Hand back, word for word, the lines from the one containing "Jordan 1 Mid SE Infrared 23 착용 스타일 - 1" to the end of the records, both included, and leave out pictures.

========

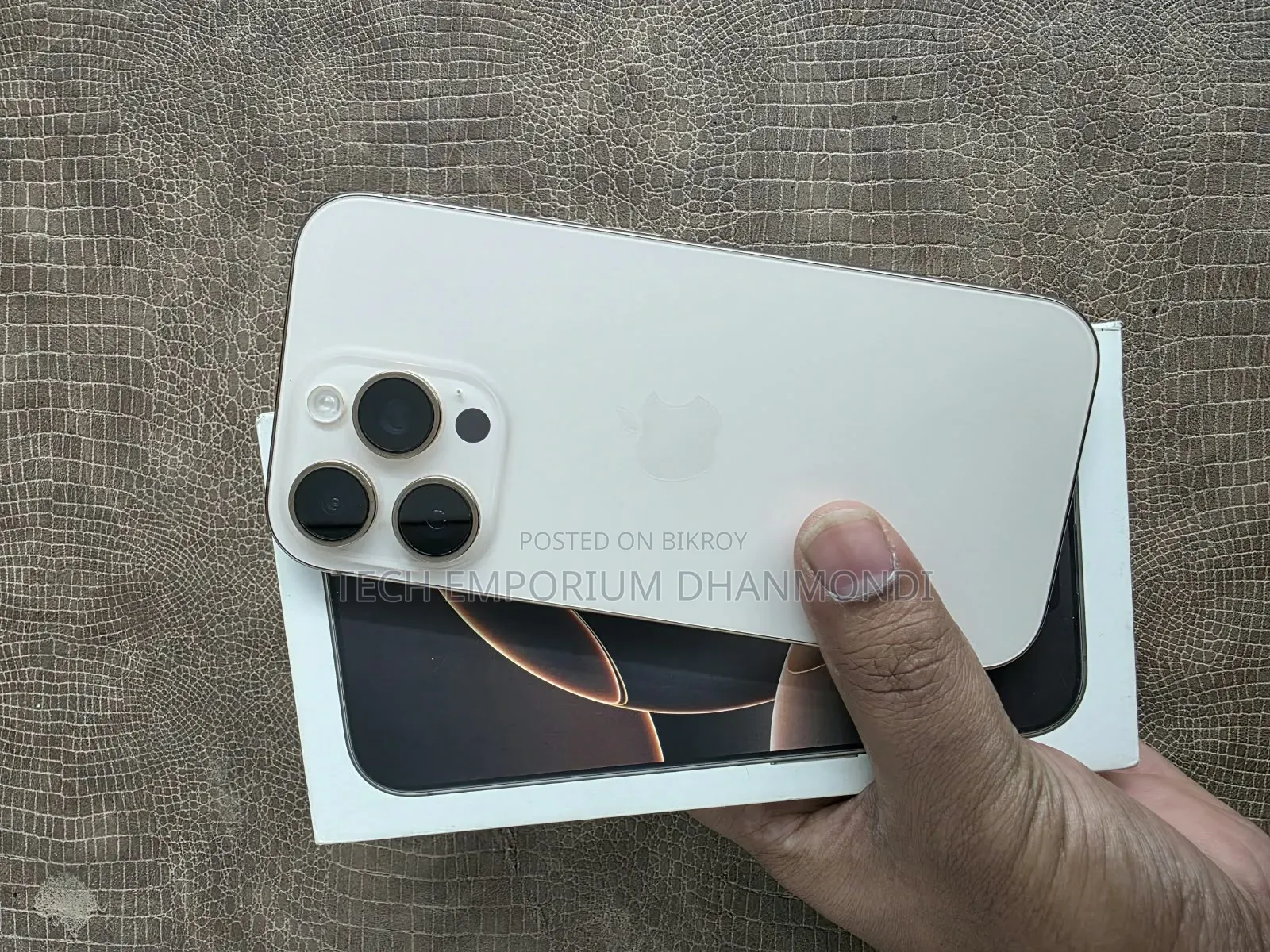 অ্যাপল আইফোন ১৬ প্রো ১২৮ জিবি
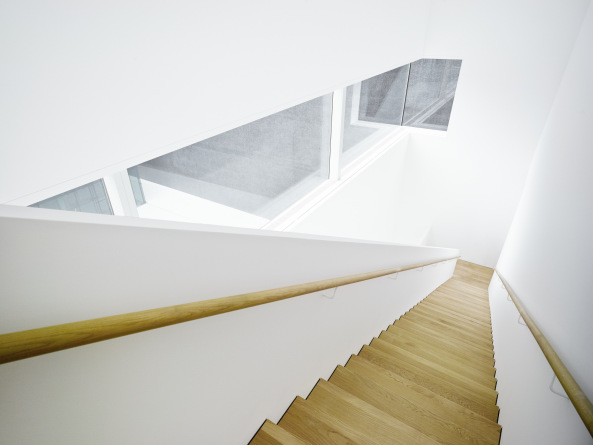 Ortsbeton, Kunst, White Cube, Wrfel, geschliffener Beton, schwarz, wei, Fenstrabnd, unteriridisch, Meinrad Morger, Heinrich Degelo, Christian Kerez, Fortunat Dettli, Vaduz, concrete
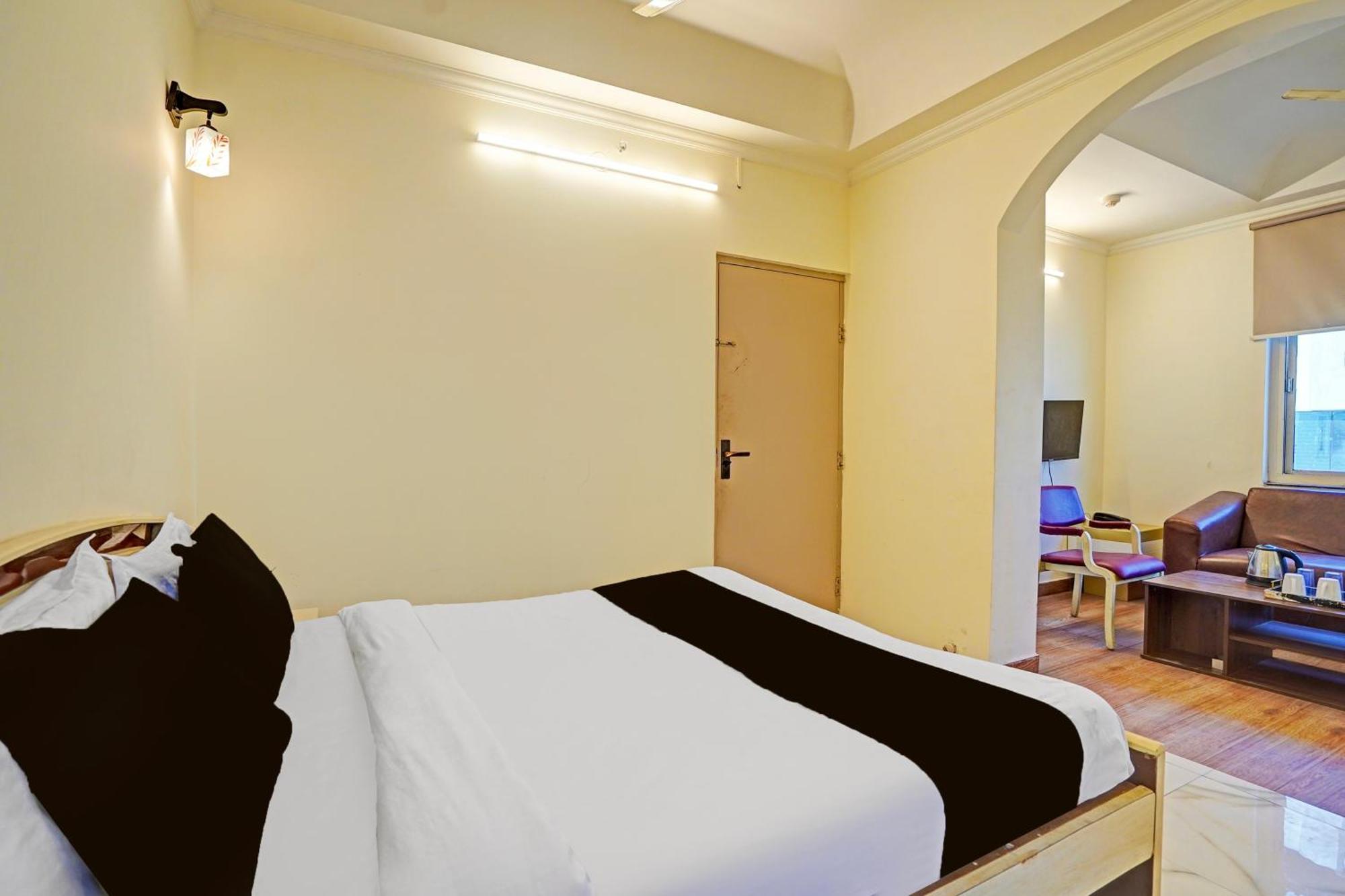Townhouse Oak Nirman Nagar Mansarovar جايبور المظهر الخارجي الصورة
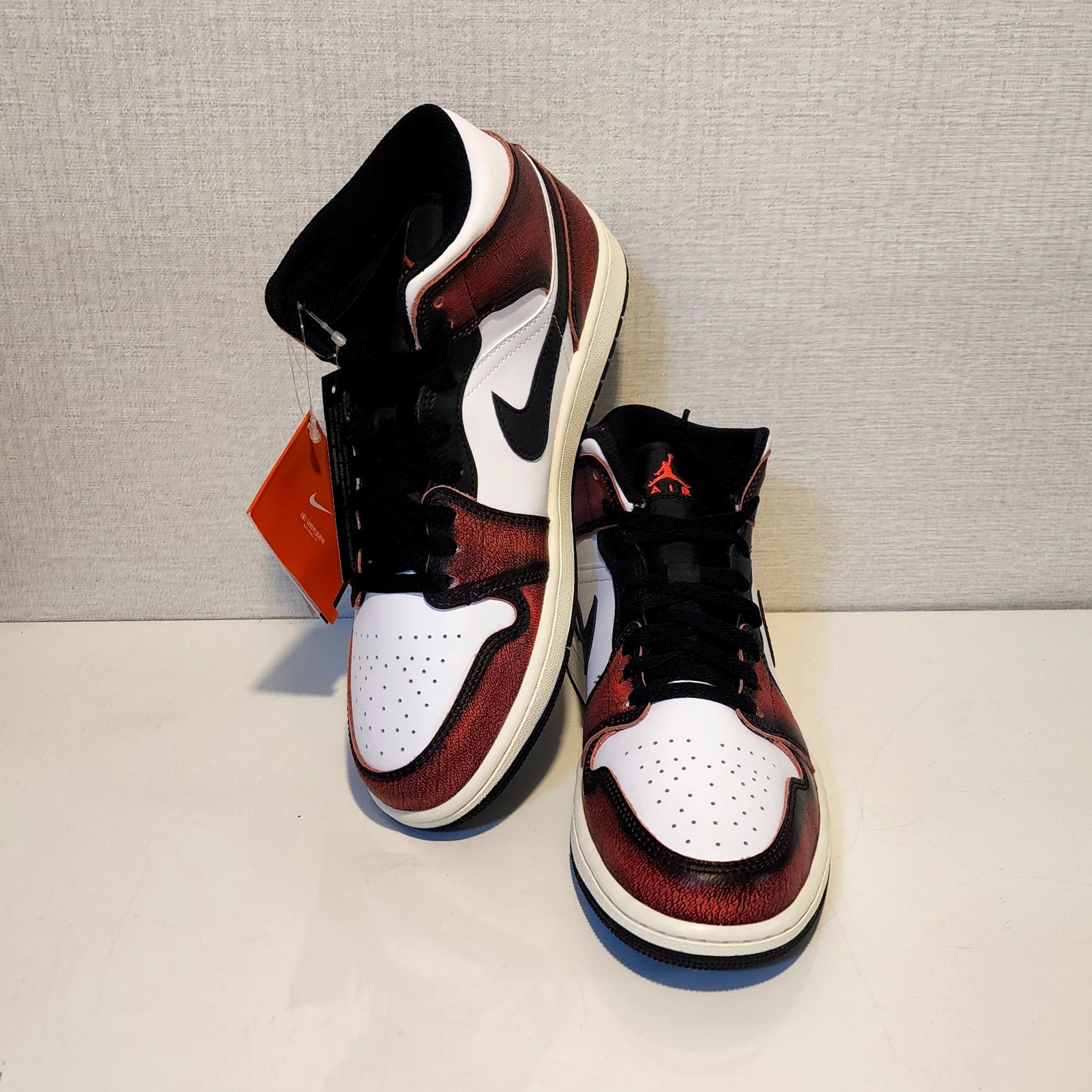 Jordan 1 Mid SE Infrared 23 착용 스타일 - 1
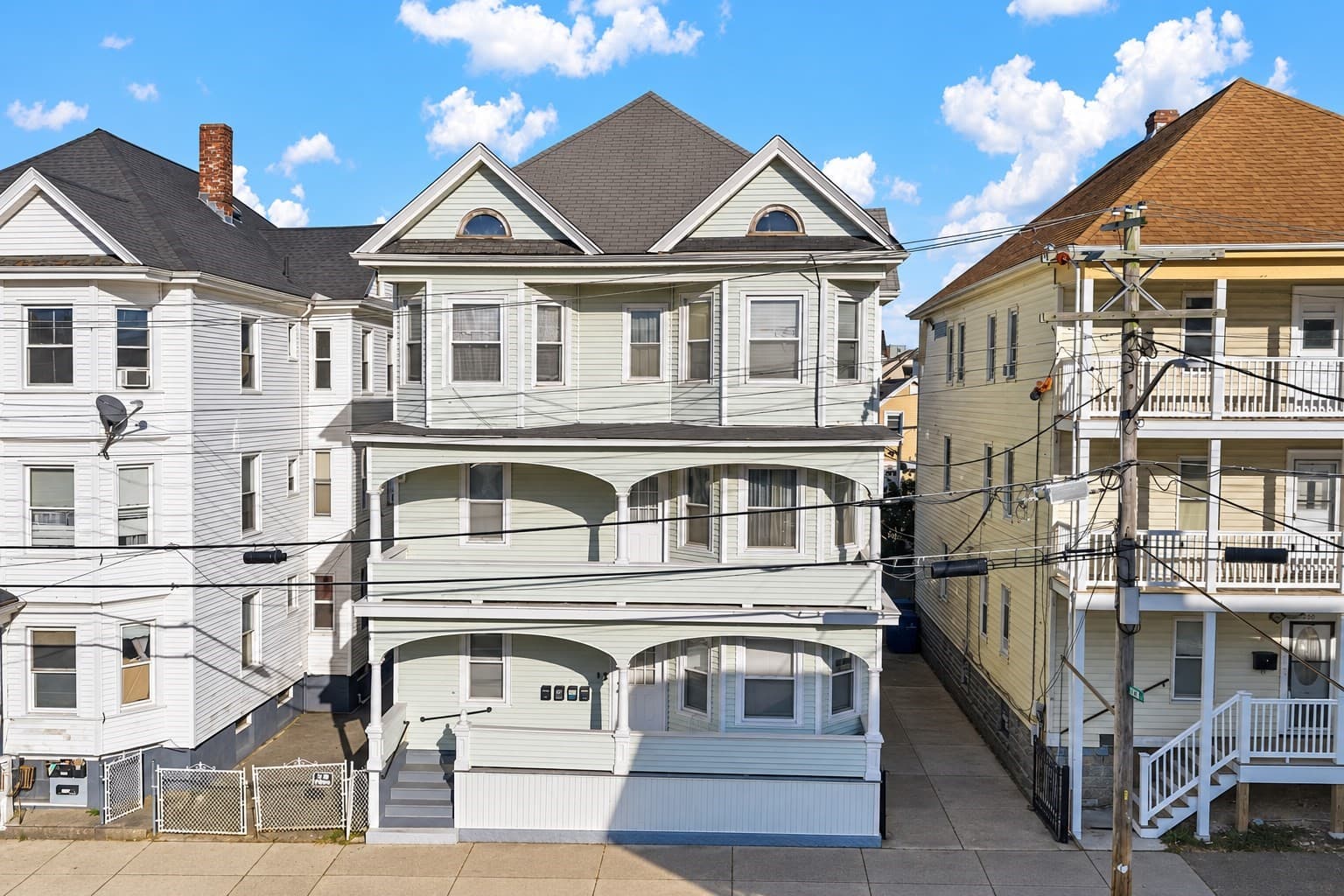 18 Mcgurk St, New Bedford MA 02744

========

> **Response to this exercise**
 Jordan 1 Mid SE Infrared 23 착용 스타일 - 1
 18 Mcgurk St, New Bedford MA 02744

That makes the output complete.